Friday, 26 August 2016

'We Had Stayed Up All Night'

'King of The Road', oil on canvas, 2015 
Ahead of ‘A Minor Place’ opening next Saturday on September 3rd, here is a piece of writing by artist Andrew Smith. It will feature in a new publication by Indigo Octagon designed and created by artist Chris Cowdrill that will be for available for sale at the exhibition.

Andrew’s piece is a response to my lorry paintings, and is an adaptation of ‘The Futurist Manifesto’ by Italian artist Marinetti, written in 1908 as a ‘celebration of speed, machinery, violence, youth and industry’, in which Andrew has combined lots of phrases and language associated with trucks and the trucking life on the road. It’s a typically highly imaginative and surprising response from Andrew. I love it: 
'The Road', oil on canvas, 2015
‘We had stayed up all night’
We had stayed up all night, my friends and I, one with dispatcher brains, the other deadhead with tow chain of filigreed brass.  Sometimes we were driving by braille, at other times eyeballing the colouring book.  For hours we put the hammer down on the big slab, up to the last confines of total logistics control and blackening many a blue eagle with our super single tyres.
An immense pride was buoying us up, because we felt alone in those hours, like proud old gears, or forward knight squires against an army of hostile pole cats glaring at us from galaxy 949.  Alone like suicide jockeys feeding on motion lotion at the pickle park, alone with the training swifts who grope in the red-hot bellies of the freight shakers launched down their crazy courses, alone with the high speed chicken feeders reeling like wounded birds into the disco lights.
Suddenly we jumped, hearing the squawk box, and the huge off roaders that rumbled by ablaze with confusion lights, like massholes on holiday suddenly struck and uprooted by the flooding performance cummins.
Then the silence deepened.  But as we listened to the blue radio tooth muttering its feeble rambo, and the creaking rocking chair, we suddenly heard the famished roar of the nada trucks.
“Let’s go!” I said. “Friends, away!

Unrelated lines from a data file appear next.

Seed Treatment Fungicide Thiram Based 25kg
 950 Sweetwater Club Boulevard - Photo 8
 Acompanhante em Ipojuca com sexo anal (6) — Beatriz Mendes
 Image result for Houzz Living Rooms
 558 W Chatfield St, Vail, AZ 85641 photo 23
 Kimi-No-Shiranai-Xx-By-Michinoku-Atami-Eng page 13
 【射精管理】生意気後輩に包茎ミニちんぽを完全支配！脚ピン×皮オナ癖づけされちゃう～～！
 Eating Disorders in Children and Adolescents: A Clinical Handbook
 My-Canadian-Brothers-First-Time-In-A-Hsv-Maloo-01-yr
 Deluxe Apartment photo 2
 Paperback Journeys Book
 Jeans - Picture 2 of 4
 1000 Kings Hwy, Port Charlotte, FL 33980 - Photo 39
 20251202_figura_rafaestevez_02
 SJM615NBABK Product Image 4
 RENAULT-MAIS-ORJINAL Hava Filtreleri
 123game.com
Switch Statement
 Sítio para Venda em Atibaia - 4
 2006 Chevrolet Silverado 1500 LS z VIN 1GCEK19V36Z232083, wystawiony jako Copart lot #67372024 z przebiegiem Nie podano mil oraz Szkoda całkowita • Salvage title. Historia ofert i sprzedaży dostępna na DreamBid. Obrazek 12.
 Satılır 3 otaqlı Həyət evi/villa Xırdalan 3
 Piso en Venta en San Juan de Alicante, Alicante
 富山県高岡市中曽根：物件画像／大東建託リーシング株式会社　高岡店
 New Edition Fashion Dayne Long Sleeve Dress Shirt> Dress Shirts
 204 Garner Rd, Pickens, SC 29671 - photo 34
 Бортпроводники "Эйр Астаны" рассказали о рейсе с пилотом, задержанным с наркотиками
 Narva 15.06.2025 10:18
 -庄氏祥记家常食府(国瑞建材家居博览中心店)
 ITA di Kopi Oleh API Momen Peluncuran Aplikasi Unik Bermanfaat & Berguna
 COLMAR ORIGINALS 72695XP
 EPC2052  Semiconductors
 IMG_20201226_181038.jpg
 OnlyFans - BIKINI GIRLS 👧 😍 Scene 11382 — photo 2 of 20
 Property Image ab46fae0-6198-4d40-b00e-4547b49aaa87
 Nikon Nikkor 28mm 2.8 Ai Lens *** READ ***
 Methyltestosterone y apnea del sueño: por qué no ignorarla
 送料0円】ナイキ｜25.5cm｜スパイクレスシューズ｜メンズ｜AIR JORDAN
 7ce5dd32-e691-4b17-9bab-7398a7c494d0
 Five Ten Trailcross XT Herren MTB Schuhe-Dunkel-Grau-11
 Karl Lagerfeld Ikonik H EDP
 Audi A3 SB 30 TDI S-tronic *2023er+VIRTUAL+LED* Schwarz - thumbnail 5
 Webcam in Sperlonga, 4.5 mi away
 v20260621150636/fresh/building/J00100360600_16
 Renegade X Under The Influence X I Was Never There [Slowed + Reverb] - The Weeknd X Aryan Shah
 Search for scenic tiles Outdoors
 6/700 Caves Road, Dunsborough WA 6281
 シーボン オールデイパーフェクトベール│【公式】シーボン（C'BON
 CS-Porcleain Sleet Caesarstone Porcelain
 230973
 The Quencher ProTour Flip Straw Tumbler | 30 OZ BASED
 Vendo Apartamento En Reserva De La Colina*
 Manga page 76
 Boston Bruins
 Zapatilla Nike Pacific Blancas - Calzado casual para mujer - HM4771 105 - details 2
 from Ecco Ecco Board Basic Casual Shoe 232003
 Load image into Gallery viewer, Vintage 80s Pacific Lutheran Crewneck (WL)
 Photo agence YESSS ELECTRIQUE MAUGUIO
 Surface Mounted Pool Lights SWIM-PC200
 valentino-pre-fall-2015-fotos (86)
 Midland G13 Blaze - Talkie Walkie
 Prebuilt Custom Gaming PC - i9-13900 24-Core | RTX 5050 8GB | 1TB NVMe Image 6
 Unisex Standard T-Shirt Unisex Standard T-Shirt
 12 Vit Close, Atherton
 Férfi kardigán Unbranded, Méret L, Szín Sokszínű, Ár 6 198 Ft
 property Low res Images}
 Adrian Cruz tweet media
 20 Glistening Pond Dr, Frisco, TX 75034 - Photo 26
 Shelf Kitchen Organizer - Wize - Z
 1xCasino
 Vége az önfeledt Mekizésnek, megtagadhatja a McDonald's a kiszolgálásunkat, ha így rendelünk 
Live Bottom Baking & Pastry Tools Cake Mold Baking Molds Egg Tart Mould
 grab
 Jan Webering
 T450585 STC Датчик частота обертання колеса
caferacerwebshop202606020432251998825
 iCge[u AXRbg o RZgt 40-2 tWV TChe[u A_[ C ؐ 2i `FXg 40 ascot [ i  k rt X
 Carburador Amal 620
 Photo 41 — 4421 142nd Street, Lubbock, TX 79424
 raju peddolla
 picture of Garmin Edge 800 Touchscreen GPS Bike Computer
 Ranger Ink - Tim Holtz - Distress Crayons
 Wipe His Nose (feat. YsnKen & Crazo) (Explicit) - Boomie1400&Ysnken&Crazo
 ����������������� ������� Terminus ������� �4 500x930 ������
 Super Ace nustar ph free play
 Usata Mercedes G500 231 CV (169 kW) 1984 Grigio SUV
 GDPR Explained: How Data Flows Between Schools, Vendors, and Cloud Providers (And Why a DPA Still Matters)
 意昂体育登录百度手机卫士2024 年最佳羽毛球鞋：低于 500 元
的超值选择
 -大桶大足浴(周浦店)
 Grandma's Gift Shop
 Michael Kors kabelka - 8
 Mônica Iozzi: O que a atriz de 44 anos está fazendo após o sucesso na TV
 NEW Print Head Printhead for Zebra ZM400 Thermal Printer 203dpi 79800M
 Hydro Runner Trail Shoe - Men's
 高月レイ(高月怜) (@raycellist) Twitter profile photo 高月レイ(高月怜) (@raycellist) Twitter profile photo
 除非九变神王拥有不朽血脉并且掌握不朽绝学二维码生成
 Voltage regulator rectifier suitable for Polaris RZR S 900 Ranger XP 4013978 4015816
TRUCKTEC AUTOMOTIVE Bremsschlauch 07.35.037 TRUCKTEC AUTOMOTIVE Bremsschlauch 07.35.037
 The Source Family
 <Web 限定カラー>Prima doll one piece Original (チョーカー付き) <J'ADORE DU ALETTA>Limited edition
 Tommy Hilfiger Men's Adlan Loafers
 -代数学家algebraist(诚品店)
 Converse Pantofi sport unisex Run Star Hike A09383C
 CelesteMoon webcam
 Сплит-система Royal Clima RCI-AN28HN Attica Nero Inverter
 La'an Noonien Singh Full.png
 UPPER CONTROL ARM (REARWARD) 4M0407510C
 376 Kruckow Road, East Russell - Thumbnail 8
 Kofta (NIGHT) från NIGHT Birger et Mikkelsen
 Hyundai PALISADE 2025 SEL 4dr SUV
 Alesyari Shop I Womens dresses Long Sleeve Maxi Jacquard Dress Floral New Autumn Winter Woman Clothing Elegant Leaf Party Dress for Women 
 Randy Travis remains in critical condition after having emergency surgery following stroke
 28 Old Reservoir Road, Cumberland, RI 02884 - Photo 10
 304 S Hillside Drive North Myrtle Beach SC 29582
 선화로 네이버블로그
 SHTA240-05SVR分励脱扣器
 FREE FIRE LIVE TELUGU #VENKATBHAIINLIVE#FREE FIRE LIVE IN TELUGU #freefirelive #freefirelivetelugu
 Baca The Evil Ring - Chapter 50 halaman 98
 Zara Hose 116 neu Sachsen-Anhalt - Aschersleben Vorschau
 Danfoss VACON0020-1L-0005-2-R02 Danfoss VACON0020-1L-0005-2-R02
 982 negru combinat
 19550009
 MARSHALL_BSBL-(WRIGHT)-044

Let’s go! The polar bear and the better half are defeated at last.  We’re about to see the birth of the Pumpkin … we must smash the gates of life, brush our hair and comb our teeth.  Let’s go! Look there, on the earth, the very first dawn!  There’s nothing to match the splendour of the salad bar after winter, the ball bearing turbo slashing through the millennial gloom!”
We went up to our three snorting beasts, to lay amorous hands on their torrid breasts.  I stretched out my covered waggon like a corpse, but revived at the wheel, felt the hammer threaten my stomach.
High speed chicken feed swept us out of ourselves, blew our doors off, drove us through the clean shots.  And like young lions we raced after Death, the meat wagon: to be greasy side up, and back in the yard.  Death, domesticated, met us at every turn, holding out its paw like a city kitty. “Let’s break out of the swindle sheets, the chicken coop of safety, shake the bushes like the wind.  Let’s give ourselves utterly to the Unknown, not in desperation or at 10-33 or on cheap cb, but as comedians starting a new career at Paschall Services.”
Andrew Smith and Filippo Tommaso Marinetti.